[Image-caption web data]
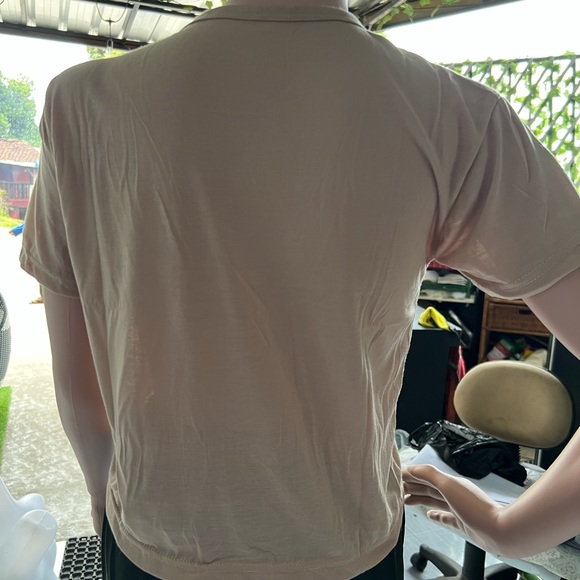 Tops - Picture 5 of 5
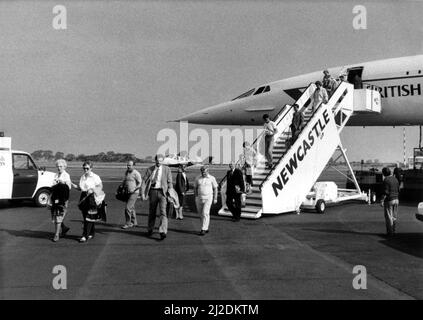 British Airways Concorde Aircraft / Airliner arriva all'aeroporto di Newcastle il 30th agosto 1985. Gli aerei sono stati utilizzati da BA come sostituto del Boeing 737 di linea sul servizio di ritorno da Heathrow a Newcastle e tutti i posti sono stati venduti in poche ore. L'aeromobile è stato utilizzato a causa della mancanza di aerei attraverso controlli di sicurezza a seguito del disastro aereo di Manchester. 30th agosto 1985. Foto Stock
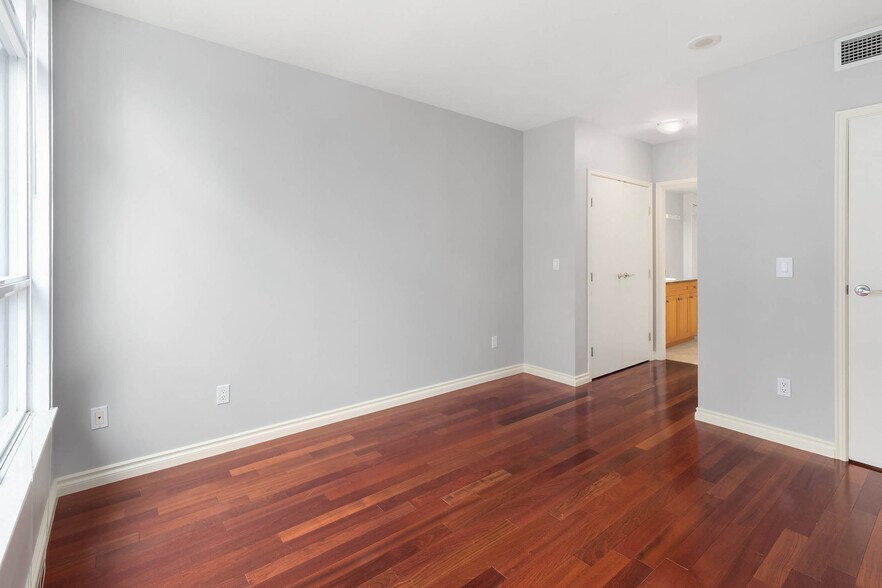 Building Photo - 1420 Terry Ave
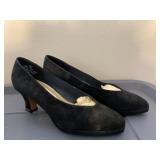 MOOTSIES TOOTSIES Black Suede Heels Size 9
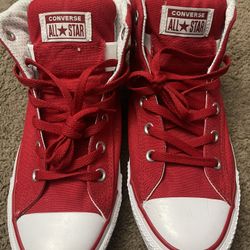 CONVERSE SIZE 10.5 NEW 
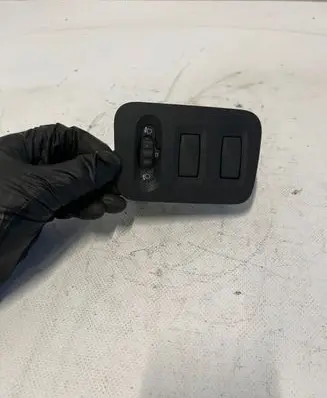 Renault Master III Headlight level height control switch 8200379685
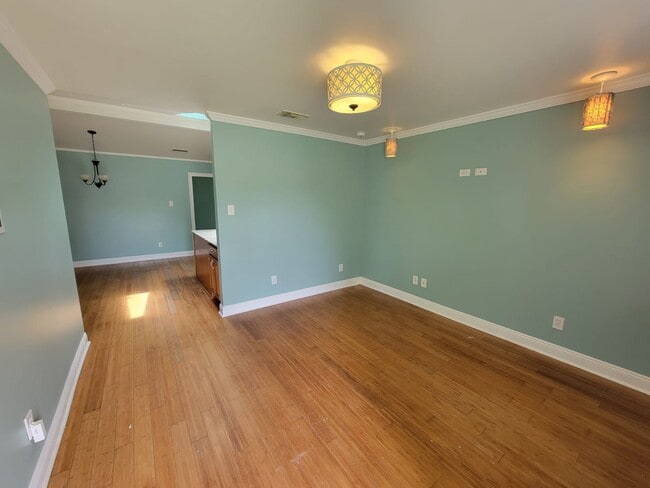 Building Photo - 214 Corinth Dr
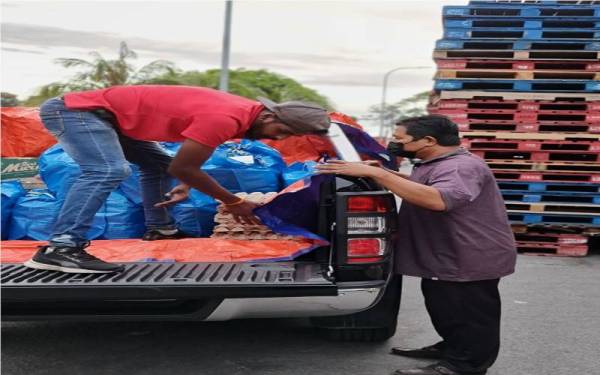 Sukarelawan menyusun barangan keperluan untuk dibawa bagi membantu mangsa banjir di Selangor.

* TO DO: Every line from the one that contains "Building Photo - 1420 Terry Ave" through the end of the records above is to be reproduced exactly; no picture goes in the copy.

* SOLUTION:
 Building Photo - 1420 Terry Ave
 MOOTSIES TOOTSIES Black Suede Heels Size 9
 CONVERSE SIZE 10.5 NEW 
 Renault Master III Headlight level height control switch 8200379685
 Building Photo - 214 Corinth Dr
 Sukarelawan menyusun barangan keperluan untuk dibawa bagi membantu mangsa banjir di Selangor.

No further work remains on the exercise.